By Barrow Group Staff / May 10, 2022

OSHA Quick CardCarbon monoxide (CO) is a byproduct of combustion. This gas is odorless, colorless and tasteless, so it can be very difficult to detect. CO prevents your body from absorbing oxygen properly, which deprives your heart, brain and other organs of the oxygen they need to function. Prolonged exposure to this gas can cause CO poisoning.

Key symptoms of CO poisoning include:

        • Headache

        • Chest tightness

        • Nausea

        • Fatigue

        • Drowsiness

      • Dizziness

In severe cases, CO poisoning can lead to death. If your job puts you at a higher risk of CO exposure, it is especially important to understand the risks of CO poisoning and the ways you can avoid it.

Here are some tips to protect yourself and your co-workers from CO poisoning:

  • Do not use gas-powered engines in enclosed spaces.
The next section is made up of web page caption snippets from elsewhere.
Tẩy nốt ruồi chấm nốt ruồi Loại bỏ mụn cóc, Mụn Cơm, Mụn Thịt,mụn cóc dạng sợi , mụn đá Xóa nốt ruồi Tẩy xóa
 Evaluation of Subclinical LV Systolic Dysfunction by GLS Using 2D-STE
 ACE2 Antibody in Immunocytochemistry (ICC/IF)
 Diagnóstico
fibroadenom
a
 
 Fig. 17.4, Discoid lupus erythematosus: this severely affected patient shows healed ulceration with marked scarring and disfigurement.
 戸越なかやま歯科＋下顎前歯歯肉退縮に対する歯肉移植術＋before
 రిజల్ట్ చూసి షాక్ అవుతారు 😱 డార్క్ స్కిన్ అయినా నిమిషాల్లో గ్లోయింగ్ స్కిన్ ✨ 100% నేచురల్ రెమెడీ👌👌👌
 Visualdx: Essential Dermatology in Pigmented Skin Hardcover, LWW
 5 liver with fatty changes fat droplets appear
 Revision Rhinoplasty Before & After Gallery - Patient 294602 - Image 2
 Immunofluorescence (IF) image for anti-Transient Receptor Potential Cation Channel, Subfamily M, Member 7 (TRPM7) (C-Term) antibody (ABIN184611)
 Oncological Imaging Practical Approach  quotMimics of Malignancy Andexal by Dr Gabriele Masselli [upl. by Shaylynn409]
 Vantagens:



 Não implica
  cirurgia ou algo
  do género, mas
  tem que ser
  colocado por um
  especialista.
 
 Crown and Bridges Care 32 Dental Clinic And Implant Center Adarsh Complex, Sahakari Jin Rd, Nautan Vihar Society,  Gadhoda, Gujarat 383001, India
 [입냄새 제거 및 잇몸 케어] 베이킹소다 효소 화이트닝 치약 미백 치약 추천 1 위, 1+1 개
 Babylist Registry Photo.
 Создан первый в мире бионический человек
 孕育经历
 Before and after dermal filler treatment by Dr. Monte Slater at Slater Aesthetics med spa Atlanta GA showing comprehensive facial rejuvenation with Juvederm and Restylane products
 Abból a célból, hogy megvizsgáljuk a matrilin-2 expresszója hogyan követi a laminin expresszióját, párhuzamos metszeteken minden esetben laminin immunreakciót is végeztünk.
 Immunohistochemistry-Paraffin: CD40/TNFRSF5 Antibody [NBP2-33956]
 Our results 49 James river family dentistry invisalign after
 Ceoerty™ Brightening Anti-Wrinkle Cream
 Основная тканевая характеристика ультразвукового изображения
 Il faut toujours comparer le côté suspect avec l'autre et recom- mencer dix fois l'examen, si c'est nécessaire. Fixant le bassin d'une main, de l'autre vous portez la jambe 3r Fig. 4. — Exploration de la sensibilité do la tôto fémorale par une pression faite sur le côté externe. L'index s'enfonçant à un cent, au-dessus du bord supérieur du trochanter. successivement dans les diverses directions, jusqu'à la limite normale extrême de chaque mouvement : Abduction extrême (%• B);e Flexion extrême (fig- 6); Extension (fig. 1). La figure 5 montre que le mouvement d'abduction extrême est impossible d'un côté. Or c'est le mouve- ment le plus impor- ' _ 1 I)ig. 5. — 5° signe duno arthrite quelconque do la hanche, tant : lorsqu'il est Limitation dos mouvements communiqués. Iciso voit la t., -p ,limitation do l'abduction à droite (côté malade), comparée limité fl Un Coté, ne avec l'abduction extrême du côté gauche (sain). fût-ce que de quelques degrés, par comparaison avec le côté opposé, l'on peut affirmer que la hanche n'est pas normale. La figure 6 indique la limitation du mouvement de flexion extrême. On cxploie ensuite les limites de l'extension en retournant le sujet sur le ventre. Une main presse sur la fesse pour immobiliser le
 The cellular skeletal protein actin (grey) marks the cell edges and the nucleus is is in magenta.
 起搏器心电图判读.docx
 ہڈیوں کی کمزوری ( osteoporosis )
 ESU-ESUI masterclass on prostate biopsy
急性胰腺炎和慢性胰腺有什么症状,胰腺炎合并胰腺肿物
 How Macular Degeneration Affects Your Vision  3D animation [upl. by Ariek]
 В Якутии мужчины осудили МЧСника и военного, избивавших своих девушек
If gas-powered tools are used in spaces with insufficient ventilation, CO accumulation is more likely and can occur faster. Be sure the space in which you are working is properly ventilated. Also, avoid using or running gas-powered engines near fresh air intakes, as CO could travel inside through the intake system.

  • Avoid overexertion in the presence of CO. As your body works harder, more oxygen is needed to maintain functionality. However, with CO in the air, your body will take in that gas (instead of oxygen) at an increased rate, speeding up the process of possible CO poisoning. If CO is suspected, stop working and leave the area immediately.

  • Know the proper procedure for handling a CO poisoning victim. If a co-worker is experiencing CO poisoning, move the victim to fresh air or an open space, then call 911. If they are not breathing, administer CPR (if you are trained to do so) until medical professionals arrive.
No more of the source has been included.